Training the next generation of educational planners in Madagascar

21 March 2023


Malagasy school children in their classroom.

Nearly 14 million children call Madagascar home. More than two in three of these children live in poverty, affecting their access to health care, decent homes, and opportunity. Ensuring equitable, inclusive, and quality education and lifelong learning for all can break this cycle and give this youthful nation’s population the best chance for the future. 

Education can also help Madagascar confront climate change and accelerate action, while the right combination of adaptation and mitigation measures can help protect learning, no matter what the future may bring.   

Madagascar, the world’s fifth largest island, is committed to achieving Sustainable Development Goal 4 and the Education 2030 Agenda. Today, the Ministry of National Education (MEN) is focusing on strengthening the education system by improving the capacities of the public administration in educational planning and management. 

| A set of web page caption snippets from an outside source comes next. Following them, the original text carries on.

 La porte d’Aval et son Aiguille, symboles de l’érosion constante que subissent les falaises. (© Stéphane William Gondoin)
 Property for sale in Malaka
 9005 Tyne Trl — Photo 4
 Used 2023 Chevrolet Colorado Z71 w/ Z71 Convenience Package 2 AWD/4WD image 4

This is being done through the Educational Planning and Information System Support Project (PAPESI), with funding from the World Bank and the Global Partnership for Education, and executed by UNESCO with technical support from IIEP, which is supporting the MEN's office for educational planning - the DPE or the Direction de la Planification de l'Education - in the implementation of various provisions of the new Education Orientation Law in Madagascar (LOSEM). While the project includes several components, one part is reshaping the role of the planner for the 21st century. 

Reshaping the role of the planner 

The MEN is currently embarking on the first steps of a nationally-owned, long-term training strategy for its planners across the country – from the central level, the regional level (DREN) to the district level (CISCO). 

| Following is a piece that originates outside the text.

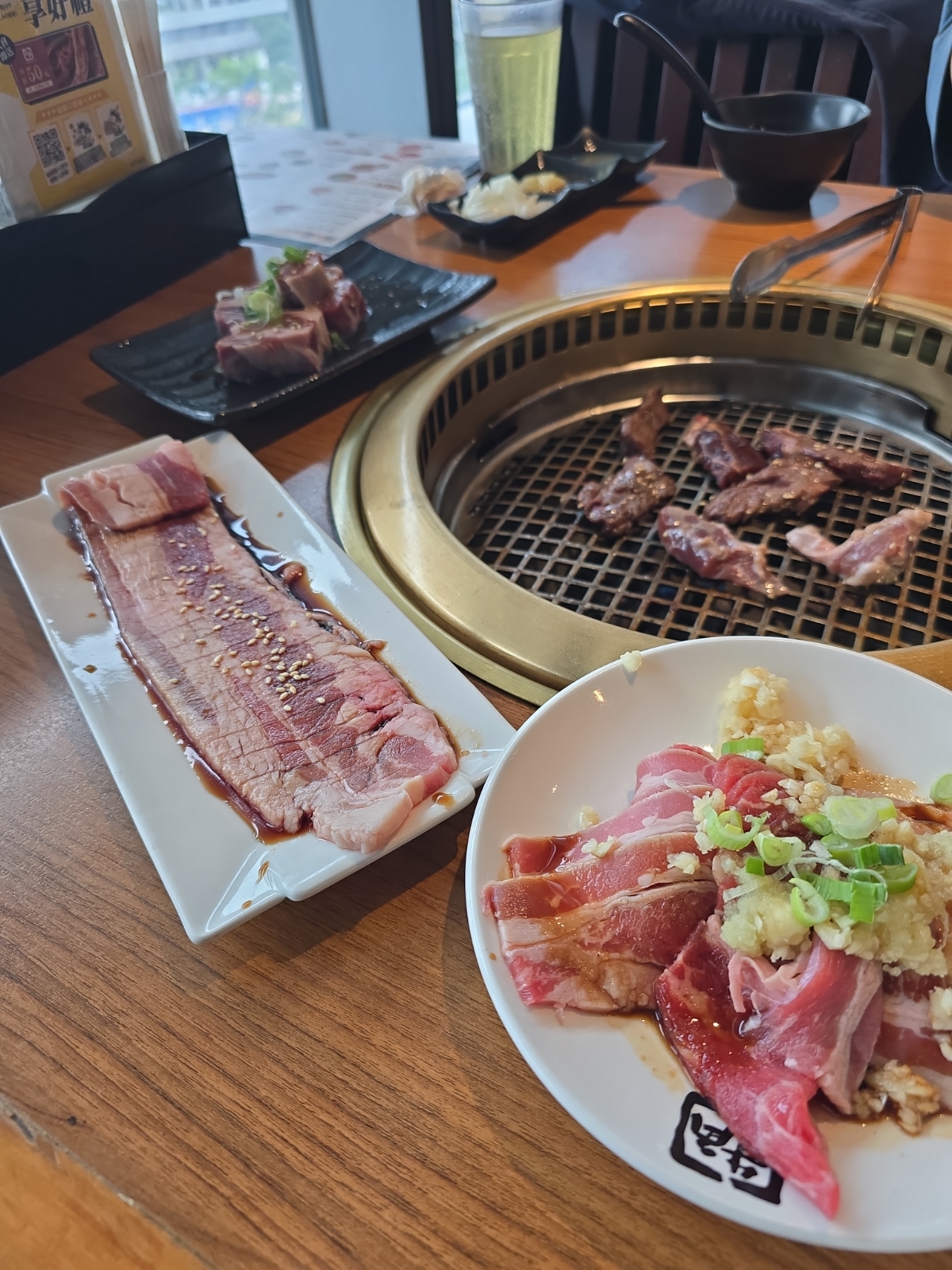 牛角日本燒肉專門店 南港車站店 のレストランの写真：黑龍牛腹肉、超蒜味滿滿牛腹肉 by永遠的新手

What are the key skills and functions of planners today, and what kinds of tools do they need? How should they be trained and with what kind of certification? 

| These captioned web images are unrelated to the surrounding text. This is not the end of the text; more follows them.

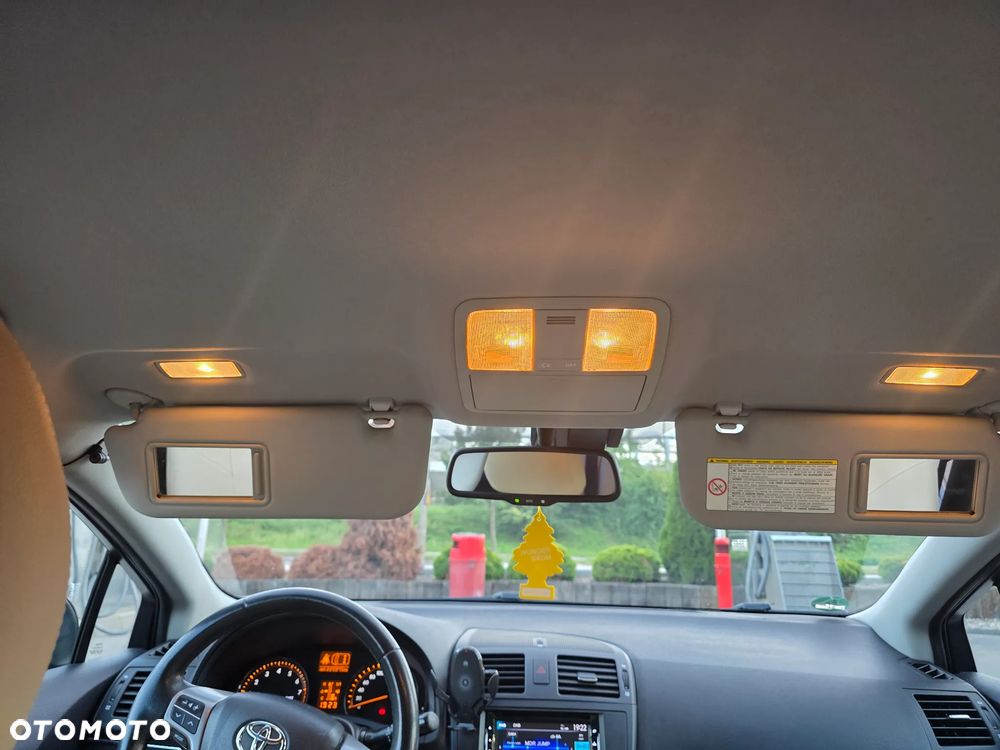 Toyota Avensis 1.8 Executive - 38
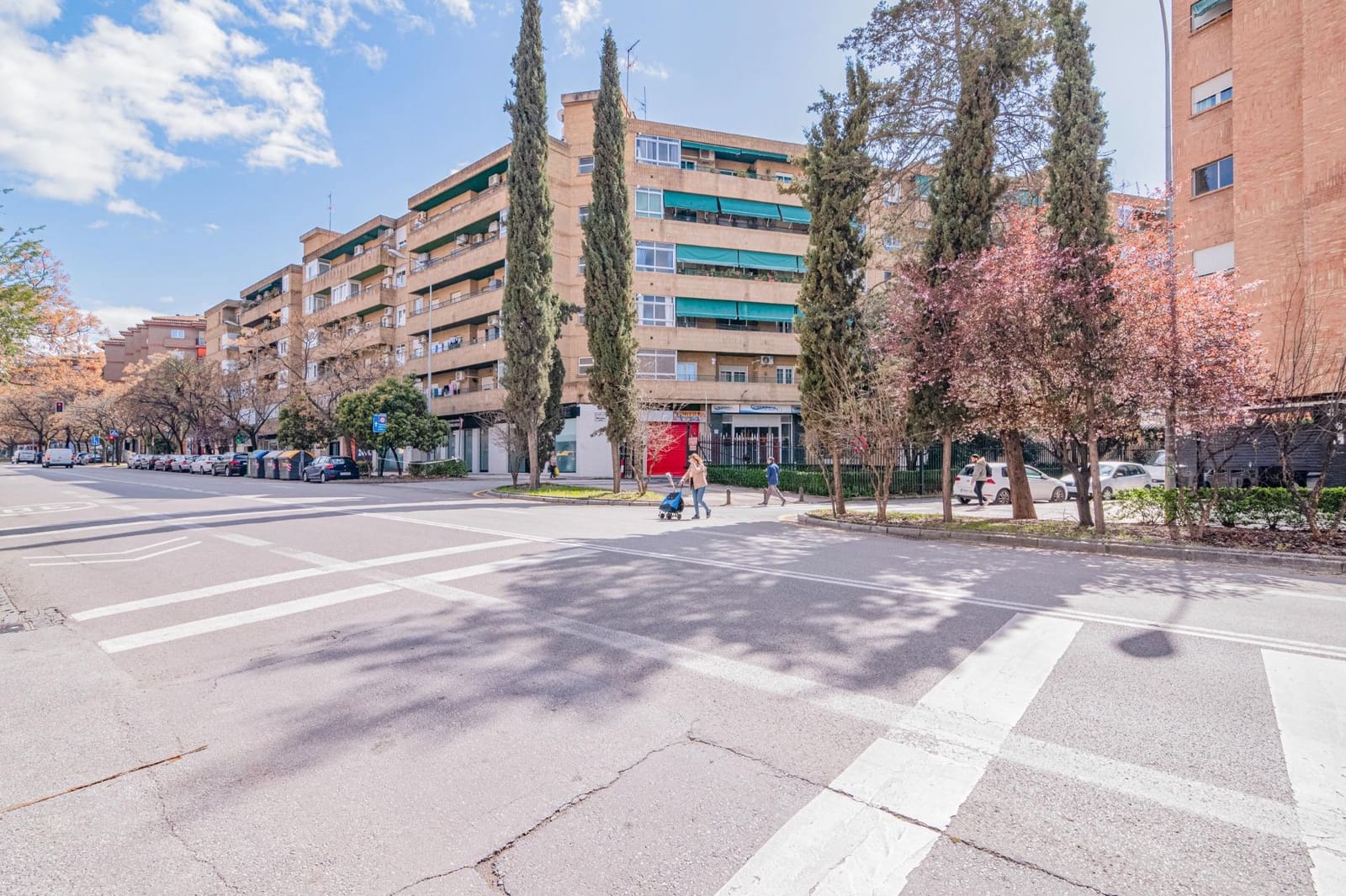 3 soveværelse Lejlighed til salg i Granada by med garage - € 265.000 (Ref: 9814510)
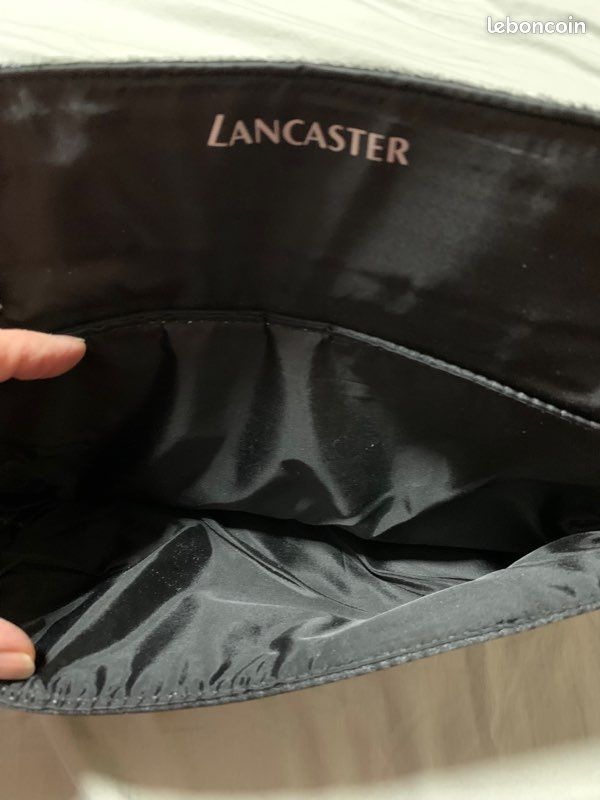 Pochette à main lancaster noire (image 4)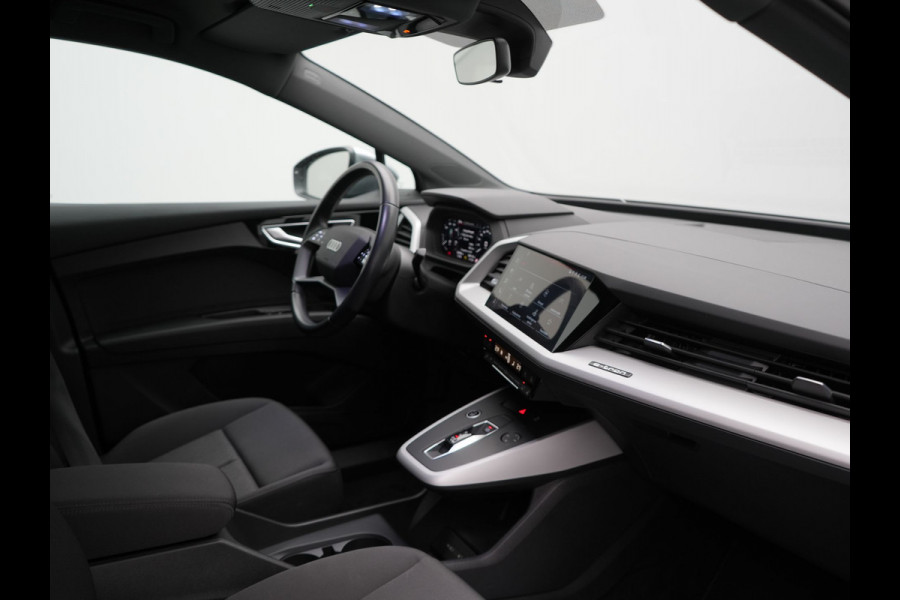 Audi Q4 e-tron 50 quattro Advanced edition 77 kWh 300pk Dealer O.H. | Apple Carplay | Voorstoelen Verwarmd | Navigatie Plus | 19"L.M | LED | Cruise Control | DAB | Virtual |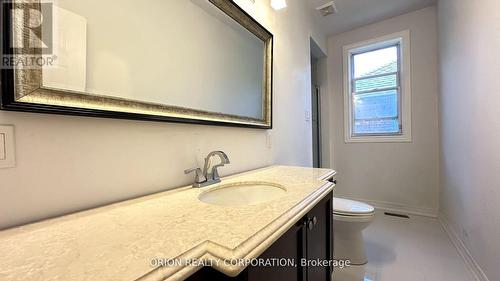 20 Holgate Street, Barrie, ON - Indoor Photo Showing Bathroom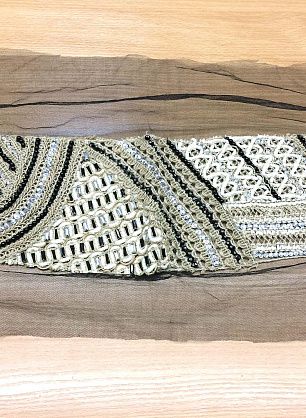 Аппликация на сетке (н) черно-бежевая Blumarine - в интернет-магазине тканей Тессутидея арт. F-3292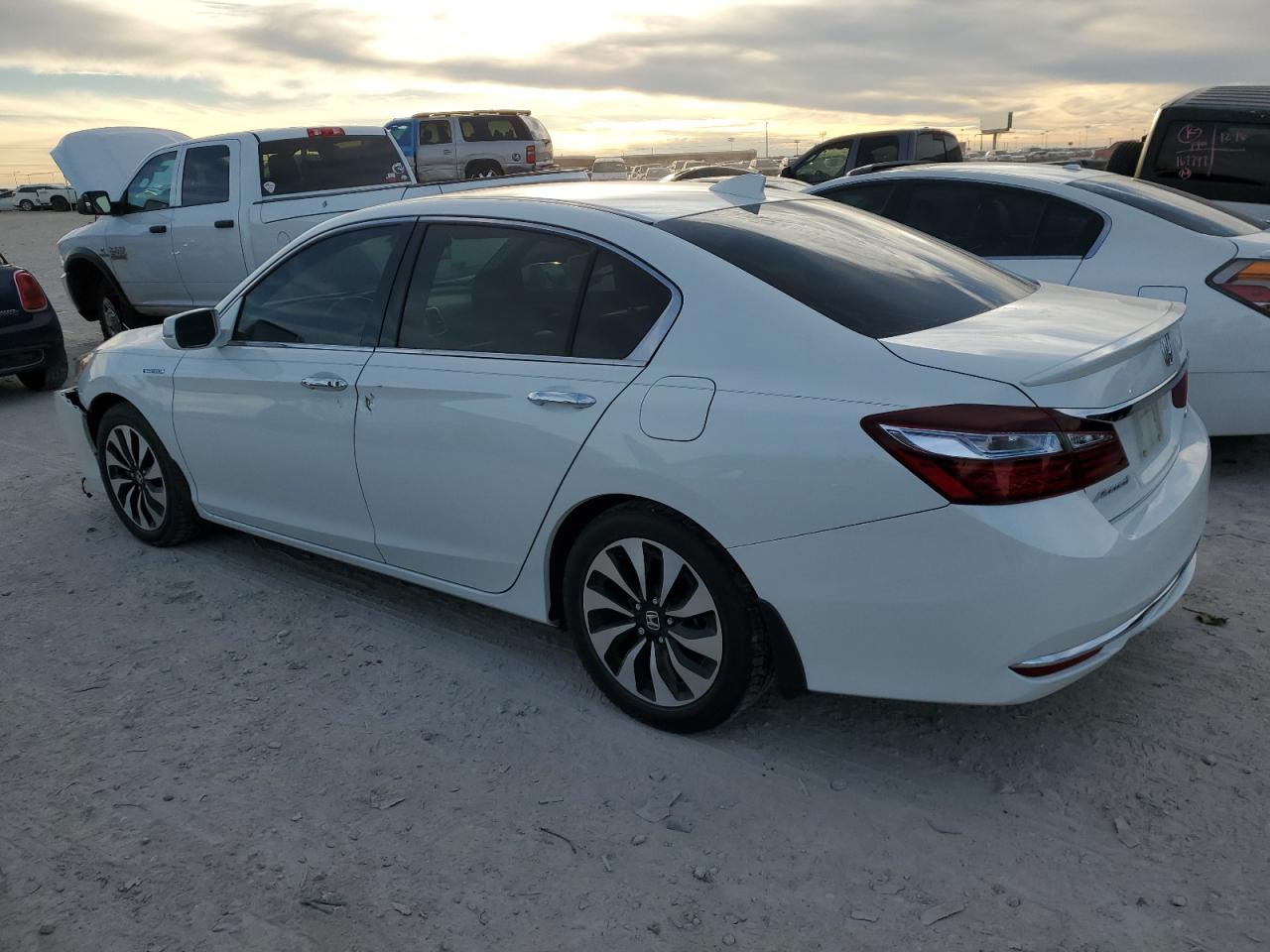 Image 2 of 2017 HONDA ACCORD HYBRID EXL 2017 with VIN JHMCR6F51HC030920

As IIEP accompanies the MEN during this reflection, a short-term training will be launched to respond to the immediate needs of planners, and to lay the foundation for long-term change. The first group of 44 education officers will come from all administrative levels. 

Using a practical and interactive approach, the training will combine face-to-face workshops and online components and will be anchored in the daily tools and work processes of the MEN. Two more groups will later join the training, reaching a total of more than 120 education officers in Madagascar. 

The training will also encourage dialogue and collaboration between the different administrative levels of the education system. Throughout the course, the participants will become familiar with the crisis-sensitive planning approach that IIEP has supported the MEN with to confront climate change, and risks such as more frequent cyclones. 

Overall, the goal is that the participants will develop the skills to develop and implement relevant and realistic annual and multi-year work plans. This will fill a significant gap in Madagascar’s public administration. 

In recent years, the Malagasy education system has grappled with a lack of training opportunities for its staff. After a wave of retirements several years ago, some planning positions also sat empty. The PAPESI project will now put in motion a new approach to better match job profiles for all planning units and to reduce turnover because of demographic trends or political changes. 

Legal recognition for planners 

In Madagascar, planners have a specific status in Public Administration. The recently established Education Orientation Law has formally recognized the role of the planner within the Ministry – making this project even more relevant. 

With this legal framework, the MEN has set the foundations to secure key technical staff within the education administration at central and decentralized levels, explains Hélène Bessières, an IIEP programme specialist leading the project in Madagascar. The tailor-made training implemented during the project should contribute to this objective.

Similar to IIEP’s capacity development project in Haiti, the IIEP team will also work with the MEN to review the existing planning tools. There are currently many tools available for planners, however, one challenge is that they are not always aligned or consistent. 

One key tool that will be reviewed is the school dashboard, which the MEN uses to see how schools are performing and to make important decisions on how to allocate resources. 

"The upcoming training will be an opportunity to discuss the tools, to see how the users feel, and especially at the decentralized level, to see what their needs are in the field," says Bessières.

This work is part of the support provided to the DPE in the modernization of the school map, which is part of article 22 of the Education Orientation Law.

"This will lay the groundwork for tools improvement down the line."

Foundational skills for planning quality education 

The training will address foundational planning skills and concepts. The participants will review the planning cycle, take stock of strengths and challenges in the education sector, craft strategies to improve the quality of education and address disparities, analyze funding sources, and examine tools and processes to make plans and programmes operational. 

While these skills are crucial for the here and now, Bessières explains that the training this year will go further to become embedded in the national strategy for educational planners, which would be aligned with the country’s 2038 Development Plan. 

With adequate funding, this 15-year strategy could help ensure career and skills development for the country’s educational planners for years to come.